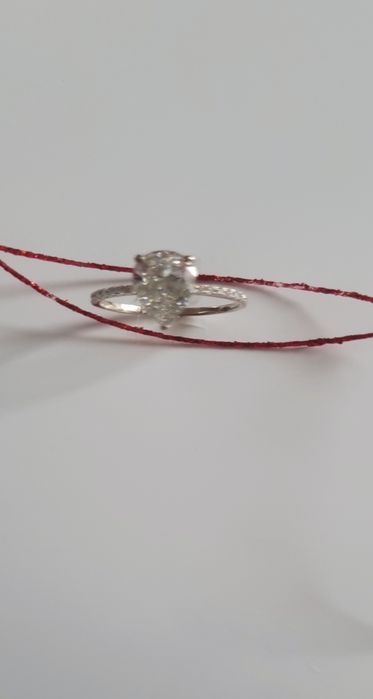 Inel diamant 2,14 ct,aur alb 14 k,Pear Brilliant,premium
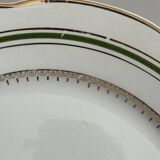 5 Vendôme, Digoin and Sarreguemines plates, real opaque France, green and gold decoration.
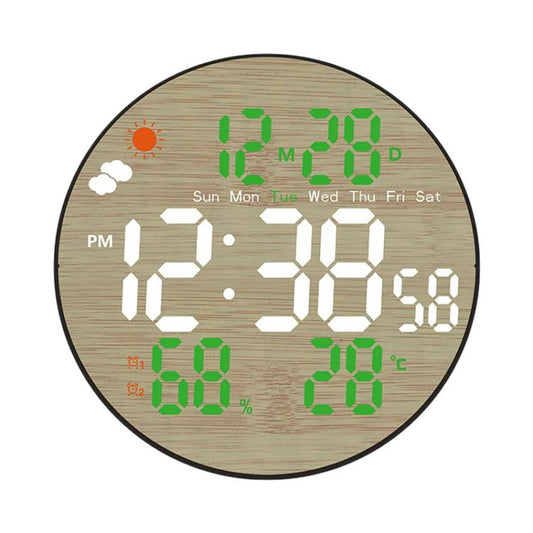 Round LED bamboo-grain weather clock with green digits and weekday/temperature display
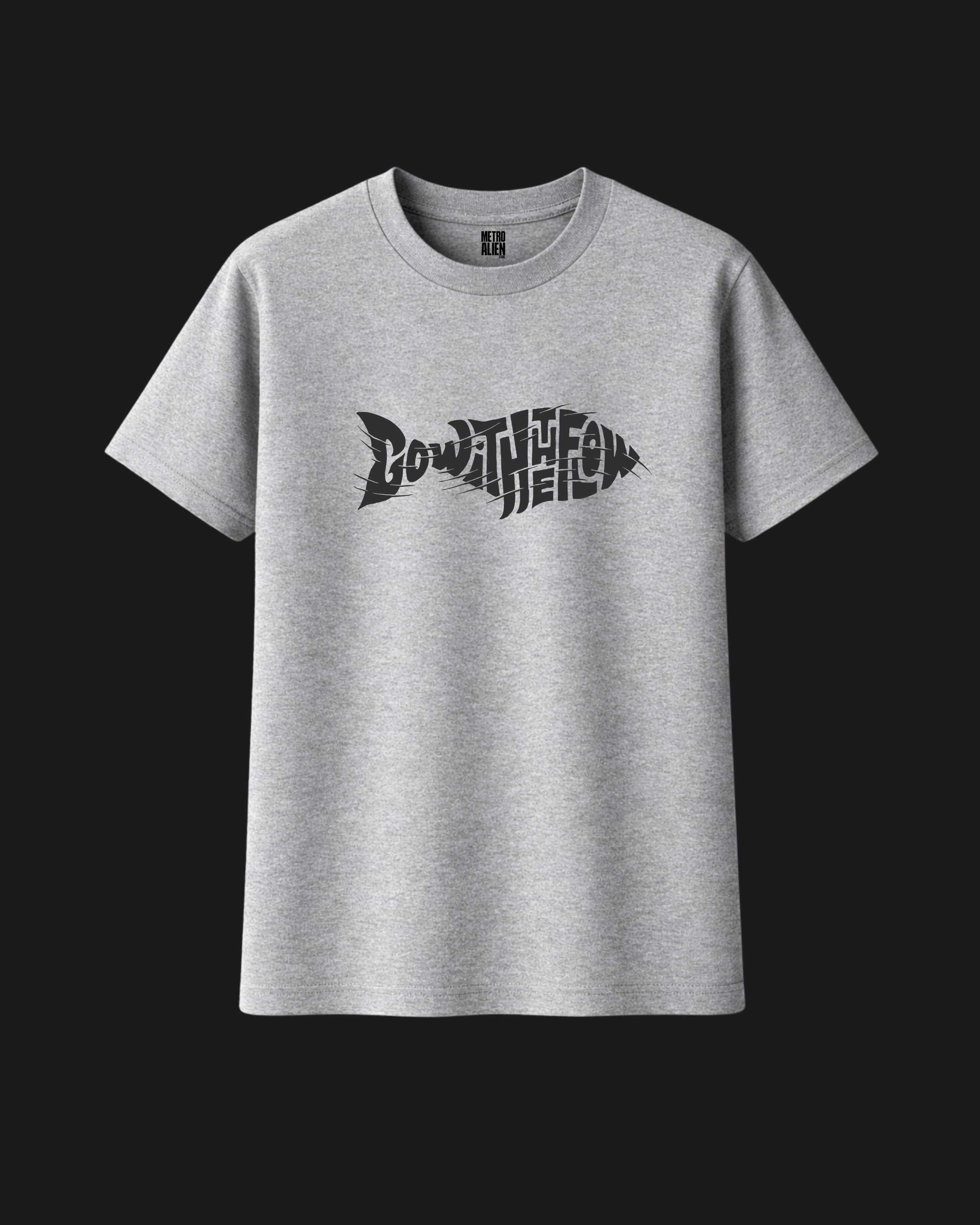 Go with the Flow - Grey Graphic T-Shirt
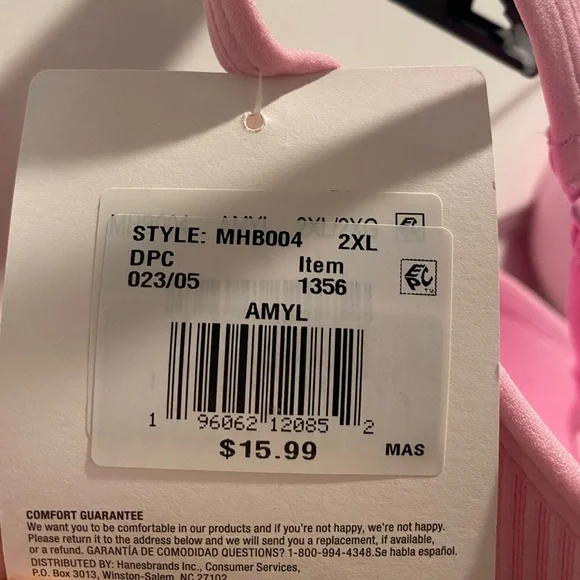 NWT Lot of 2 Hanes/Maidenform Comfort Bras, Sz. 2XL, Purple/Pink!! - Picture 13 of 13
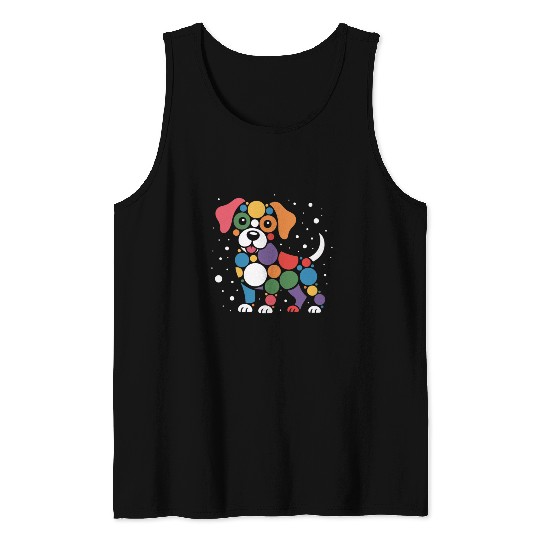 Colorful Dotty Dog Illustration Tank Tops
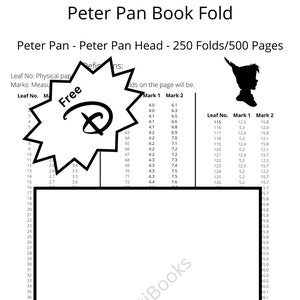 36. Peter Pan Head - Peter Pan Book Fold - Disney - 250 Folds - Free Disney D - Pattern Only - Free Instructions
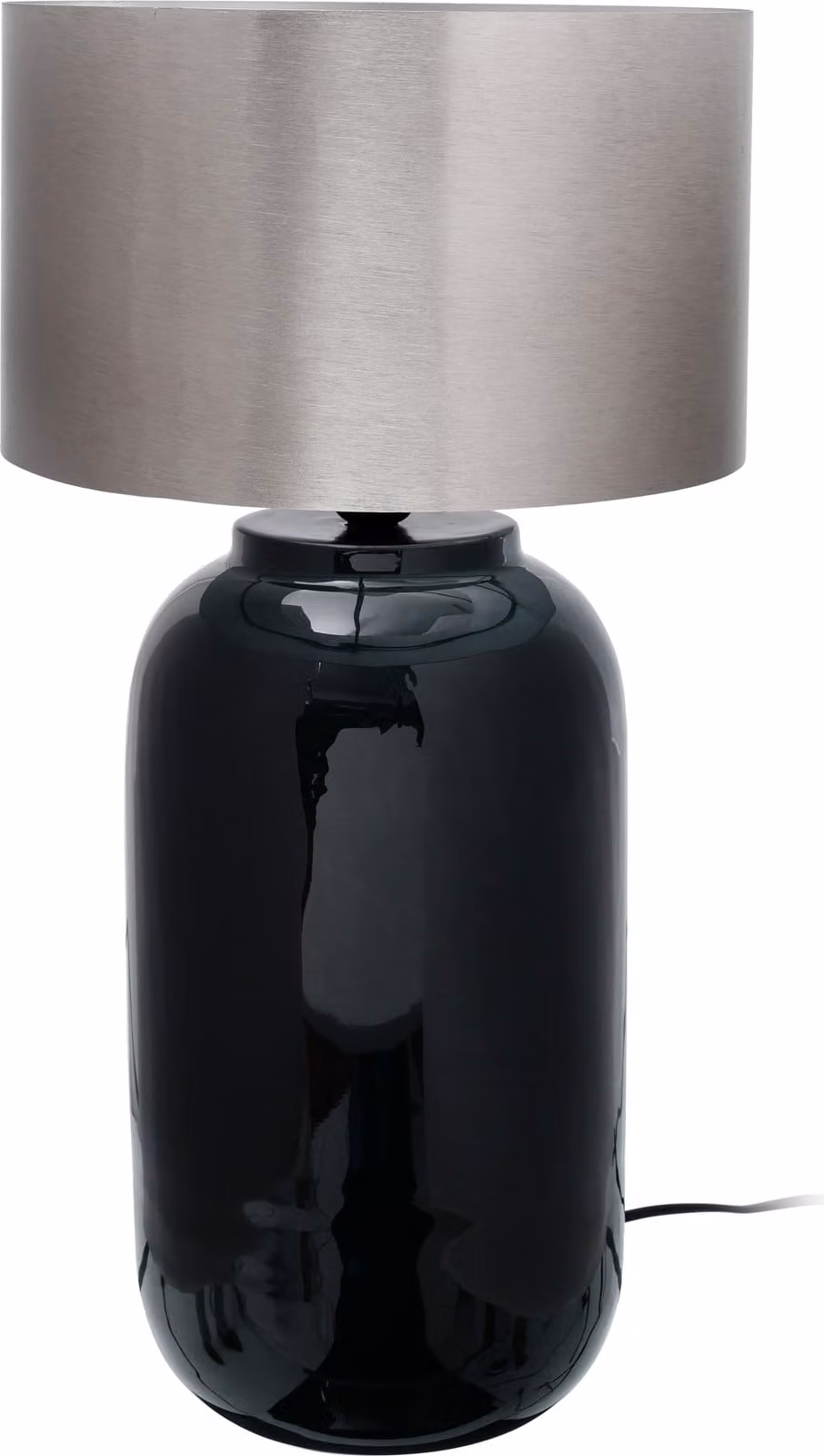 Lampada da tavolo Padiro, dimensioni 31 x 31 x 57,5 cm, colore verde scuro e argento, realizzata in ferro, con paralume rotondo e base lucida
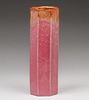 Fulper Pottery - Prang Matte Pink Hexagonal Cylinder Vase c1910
※ ※ ※
WORK TO COMPLETE: Transcribe exactly, and only, the lines from the one containing "Round LED bamboo-grain" through the last line of the records above, both included; leave out the pictures.

WORKED SOLUTION:
 Round LED bamboo-grain weather clock with green digits and weekday/temperature display
 Go with the Flow - Grey Graphic T-Shirt
 NWT Lot of 2 Hanes/Maidenform Comfort Bras, Sz. 2XL, Purple/Pink!! - Picture 13 of 13
 Colorful Dotty Dog Illustration Tank Tops
 36. Peter Pan Head - Peter Pan Book Fold - Disney - 250 Folds - Free Disney D - Pattern Only - Free Instructions
 Lampada da tavolo Padiro, dimensioni 31 x 31 x 57,5 cm, colore verde scuro e argento, realizzata in ferro, con paralume rotondo e base lucida
 Fulper Pottery - Prang Matte Pink Hexagonal Cylinder Vase c1910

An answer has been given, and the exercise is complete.